#### Task item:
An exact transcription of the records is required, minus any images.
== Data ==
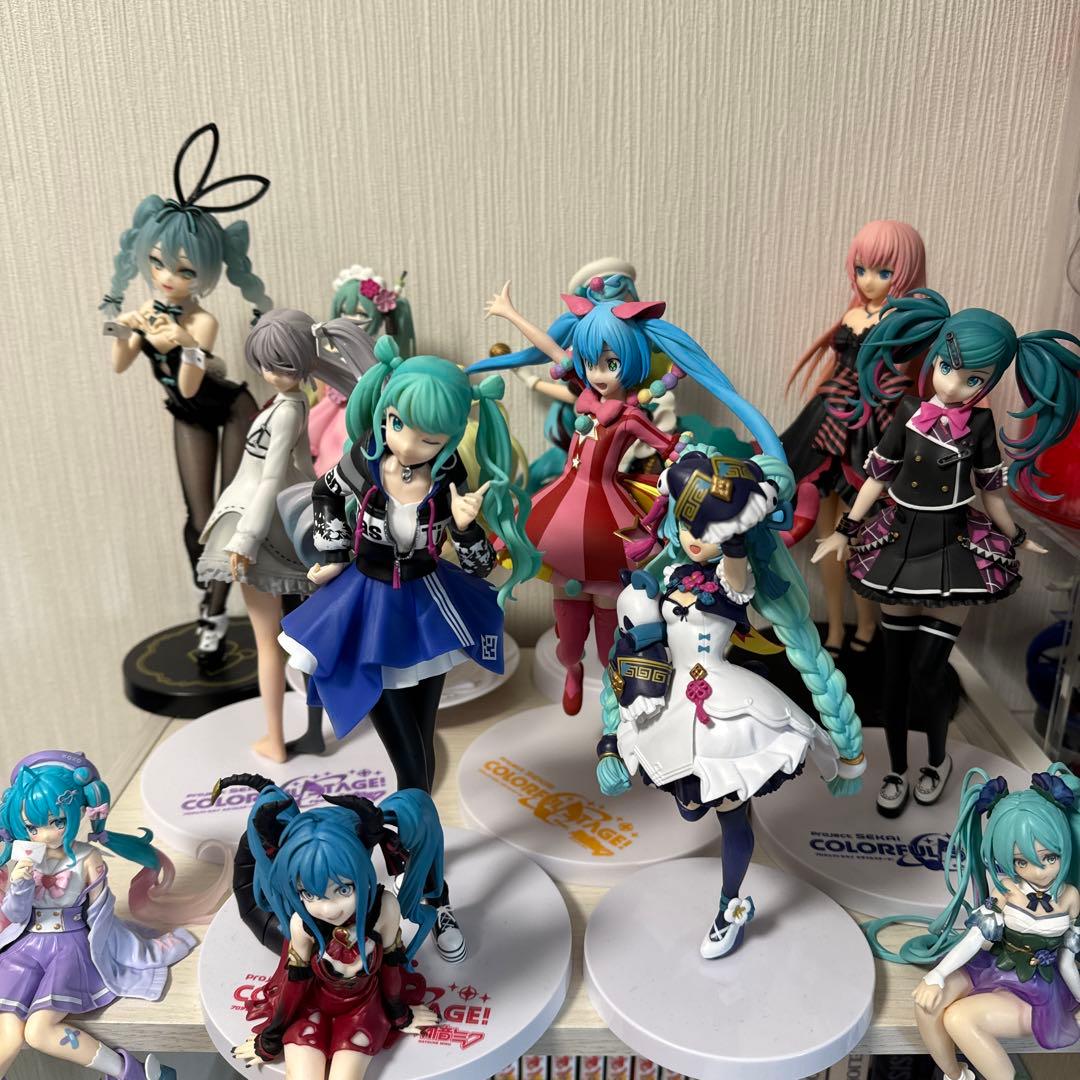 プライズフィギュア まとめ売り 箱あり開封済み 12体セット 初音ミク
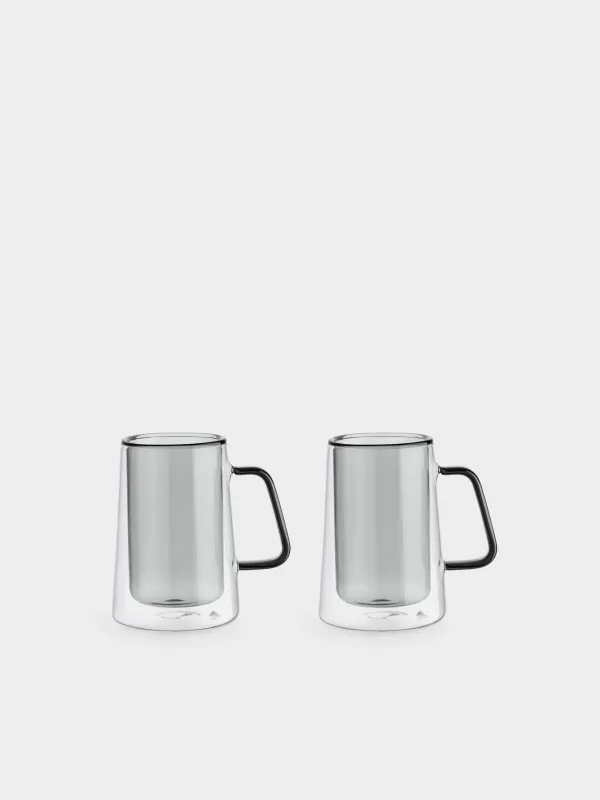 Mug, 300 ml, 2 pcs, glass B, grey, Air Color, image-0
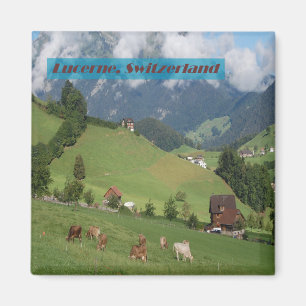 Switzerland Countryside Magnet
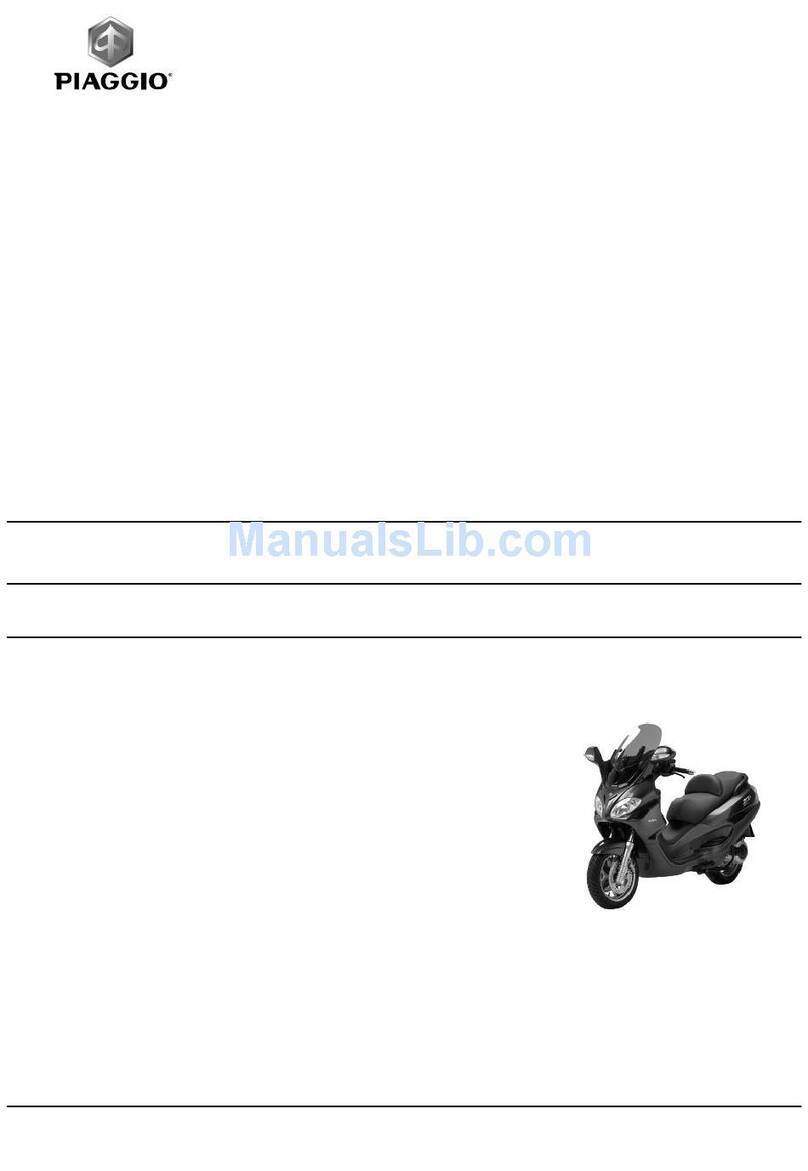 PIAGGIO X9 Evolution 500 Instruction manual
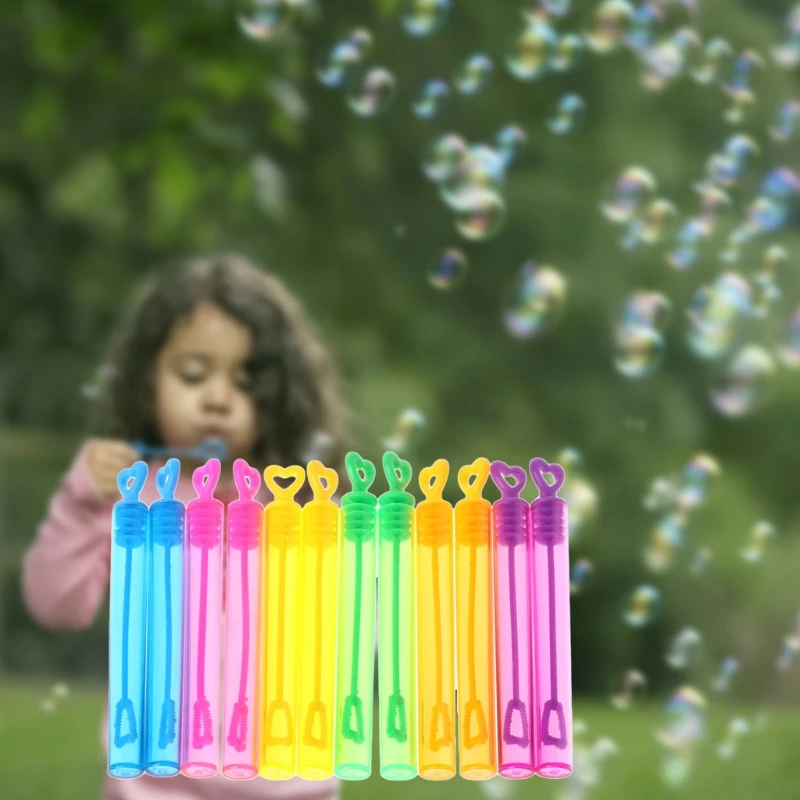 12pcs Heart Soap Bubble Bottles Toys Children Kids Outdoor Home Decor Toy | Игрушки и хобби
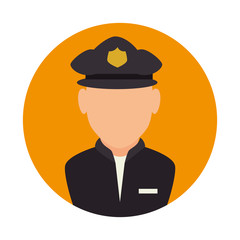 police avatar character icon vector illustration design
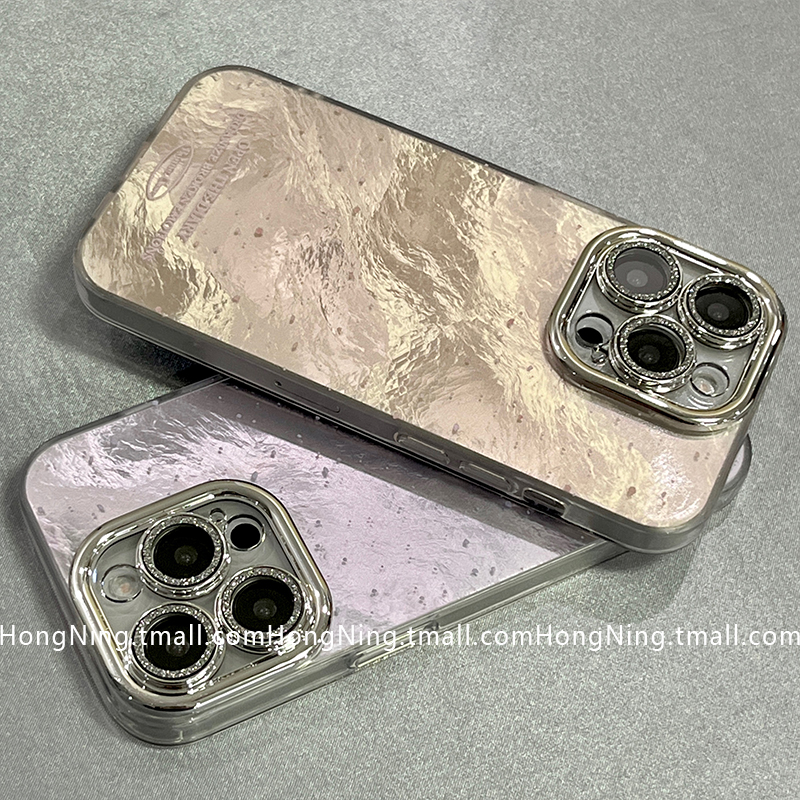 ins风冰川褶皱雪纹镜头全包适用苹果16ProMax手机壳iPhone13新款小众14PRO防摔15PROMAX硅胶高级感女款12情侣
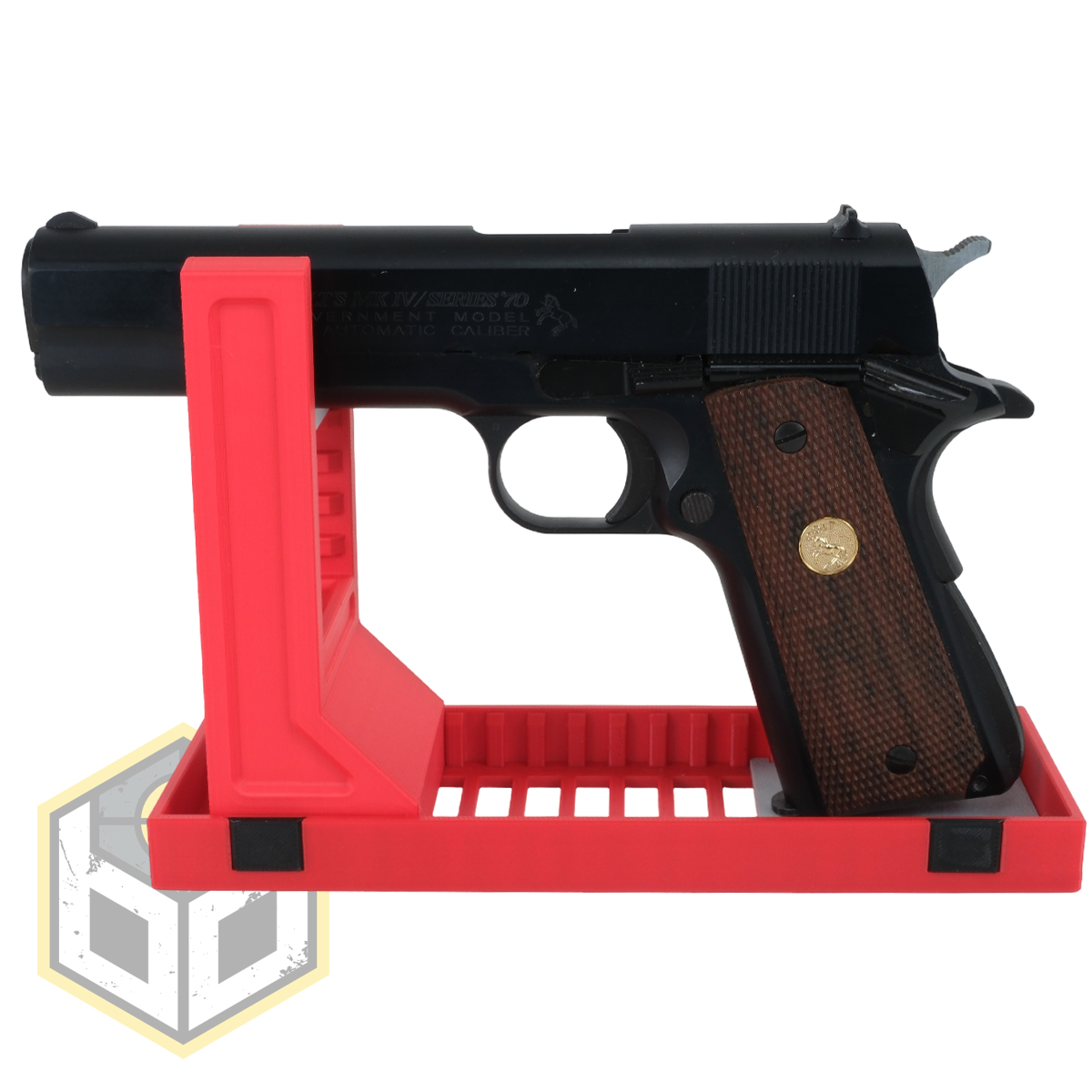 Gun Triangular Red Stand UM Pistol Stand Set Red (UM1R) - Just BB Guns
===
#### Written response:
 プライズフィギュア まとめ売り 箱あり開封済み 12体セット 初音ミク
 Mug, 300 ml, 2 pcs, glass B, grey, Air Color, image-0
 Switzerland Countryside Magnet
 PIAGGIO X9 Evolution 500 Instruction manual
 12pcs Heart Soap Bubble Bottles Toys Children Kids Outdoor Home Decor Toy | Игрушки и хобби
 police avatar character icon vector illustration design
 ins风冰川褶皱雪纹镜头全包适用苹果16ProMax手机壳iPhone13新款小众14PRO防摔15PROMAX硅胶高级感女款12情侣
 Gun Triangular Red Stand UM Pistol Stand Set Red (UM1R) - Just BB Guns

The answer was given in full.